Então sempre se pergunte: se eu não pudesse postar sobre isso ou contar para ninguém, é uma decisão que faz sentido para meu crescimento, meu aprendizado, meu bolso, meu futuro? Garanto que em 90% das vezes a resposta será “não”.
Não se anule
Perder a si mesmo é uma tragédia, ainda mais para conseguir um contratinho que não vai te tornar rico (nem perto disso). Eu já fui criticada por falar demais, ou seja, por me expressar em relação à política e feminismo, e também por falar sobre o mercado literário. Chegou um momento chave na minha carreira em que eu sinceramente considerei parar e ser uma pessoa “neutra”, e só postar fotos com livrinhos na mão, na academia e em restaurantes. Mas gente neutra não é interessante. E se você pode se dar ao luxo de não se posicionar em relação a qualquer coisa (lá vem o meme mais real ever), você é privilegiado sim.
Quando perguntaram para Susan Sarandon se ela não tinha medo do seu jeito ativista prejudicar sua carreira, ela disse que seria mulher por muito mais tempo do que seria atriz. Eu acho que isso resume tudo. Eu vou ser sempre mulher, bissexual, mãe de três pessoas cujos futuros parecem sombrios neste país, e sempre vou me importar mais com algumas causas, como a luta contra o racismo, machismo e LGBTfobia do que com a minha carreira. Acho muito estranho alguém achar isso ruim. E se alguma editora achar isso ruim, por que vou querer publicar com ela?

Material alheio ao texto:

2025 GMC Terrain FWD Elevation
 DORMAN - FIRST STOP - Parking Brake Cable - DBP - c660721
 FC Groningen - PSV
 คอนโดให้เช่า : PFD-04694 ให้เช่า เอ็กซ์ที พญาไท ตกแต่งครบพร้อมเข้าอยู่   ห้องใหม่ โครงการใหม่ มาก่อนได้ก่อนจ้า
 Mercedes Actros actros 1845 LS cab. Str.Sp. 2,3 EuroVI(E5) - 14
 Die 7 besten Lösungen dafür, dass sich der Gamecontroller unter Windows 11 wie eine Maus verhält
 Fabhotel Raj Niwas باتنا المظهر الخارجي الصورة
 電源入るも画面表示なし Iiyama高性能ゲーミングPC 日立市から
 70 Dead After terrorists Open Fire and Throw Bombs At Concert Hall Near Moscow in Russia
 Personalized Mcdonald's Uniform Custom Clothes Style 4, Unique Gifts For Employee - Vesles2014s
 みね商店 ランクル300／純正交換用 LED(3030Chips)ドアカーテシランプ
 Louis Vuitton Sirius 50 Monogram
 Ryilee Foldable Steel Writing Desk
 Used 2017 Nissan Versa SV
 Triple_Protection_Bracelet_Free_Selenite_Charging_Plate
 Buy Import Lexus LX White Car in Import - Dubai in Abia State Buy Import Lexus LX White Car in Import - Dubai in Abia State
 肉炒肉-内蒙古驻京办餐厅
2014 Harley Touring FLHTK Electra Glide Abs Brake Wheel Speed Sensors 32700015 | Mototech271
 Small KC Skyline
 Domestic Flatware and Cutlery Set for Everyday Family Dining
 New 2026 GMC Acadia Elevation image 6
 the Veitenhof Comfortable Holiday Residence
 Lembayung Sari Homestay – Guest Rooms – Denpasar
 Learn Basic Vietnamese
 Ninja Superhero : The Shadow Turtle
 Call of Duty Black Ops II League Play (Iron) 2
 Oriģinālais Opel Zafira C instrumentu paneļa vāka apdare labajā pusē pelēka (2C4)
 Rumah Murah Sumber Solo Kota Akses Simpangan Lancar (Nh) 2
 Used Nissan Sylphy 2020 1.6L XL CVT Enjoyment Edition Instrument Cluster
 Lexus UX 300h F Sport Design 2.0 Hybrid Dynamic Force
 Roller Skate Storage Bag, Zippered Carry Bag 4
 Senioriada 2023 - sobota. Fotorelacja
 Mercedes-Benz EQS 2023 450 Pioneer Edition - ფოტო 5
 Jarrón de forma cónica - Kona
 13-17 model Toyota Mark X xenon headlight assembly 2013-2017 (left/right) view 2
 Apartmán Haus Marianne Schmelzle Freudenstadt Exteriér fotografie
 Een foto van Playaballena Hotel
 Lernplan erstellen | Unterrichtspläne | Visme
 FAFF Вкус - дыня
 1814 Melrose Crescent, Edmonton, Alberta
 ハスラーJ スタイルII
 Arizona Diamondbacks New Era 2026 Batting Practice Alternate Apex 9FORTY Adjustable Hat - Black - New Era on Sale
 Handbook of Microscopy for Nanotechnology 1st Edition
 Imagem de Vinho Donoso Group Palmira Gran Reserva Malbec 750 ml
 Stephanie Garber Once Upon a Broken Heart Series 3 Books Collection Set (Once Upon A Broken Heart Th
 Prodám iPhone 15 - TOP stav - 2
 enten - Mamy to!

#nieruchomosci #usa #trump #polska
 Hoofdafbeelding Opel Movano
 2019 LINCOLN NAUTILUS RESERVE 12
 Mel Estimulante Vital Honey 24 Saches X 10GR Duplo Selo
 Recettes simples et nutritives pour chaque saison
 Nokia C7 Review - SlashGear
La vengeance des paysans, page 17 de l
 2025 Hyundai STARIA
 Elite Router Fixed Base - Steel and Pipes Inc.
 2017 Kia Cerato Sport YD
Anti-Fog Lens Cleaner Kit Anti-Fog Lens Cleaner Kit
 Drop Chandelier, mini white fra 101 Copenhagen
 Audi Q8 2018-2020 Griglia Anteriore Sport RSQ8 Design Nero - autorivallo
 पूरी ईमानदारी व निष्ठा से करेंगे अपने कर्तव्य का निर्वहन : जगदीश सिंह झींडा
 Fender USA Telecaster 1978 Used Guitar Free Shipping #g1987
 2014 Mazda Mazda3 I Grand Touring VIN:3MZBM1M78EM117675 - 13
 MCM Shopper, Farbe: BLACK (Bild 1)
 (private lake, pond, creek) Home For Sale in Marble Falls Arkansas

Não peça desculpas pelas coisas que o mercado te obriga a fazer
O mercado nos obriga a nos divulgar. Isso significa que grande parte da rotina de um escritor é saber o que estão falando sobre seus livros e repostar as boas resenhas, os vídeos, as fotos, os elogios. Outra parte da rotina é aparecer: estar presente em eventos, sessões de autógrafos, lançamentos seus e dos seus amigos. Tirar fotos com leitores, autores, blogueiros, editores e divulga-las. Falar sobre você. Dar entrevistas. Ir à rádios, TV, aparecer em jornais. E isso eu tenho feito muito, há 6 anos. Acreditem, em muitos casos, eu preferia estar escrevendo. Mas para conquistar leitores, a divulgação é fundamental.
Vai ter gente te chamando de arrogante, metida, attention-whore, etc. inclusive pessoas que fazem a mesma coisa porque têm a mesma obrigação. Eu perdi muito tempo querendo provar a essas pessoas que eu não era assim. Não vale a pena. O olhar do outro sobre você é muitas vezes uma projeção do que não gostam neles. Essas pessoas não merecem sua energia e tempo.
Grande parte do inferno do mercado está na nossa cabeça e no ajuste que precisamos fazer das nossas expectativas. O que eu percebi é que manter-se fiel a você, ao que você escreve e seu público é a melhor maneira de manter-se são e com os pés no chão. A pessoa com objetivos claros e que consegue manter sua vaidade sob controle é aquela com menos chances de ser manipulada e tomar decisões ruins.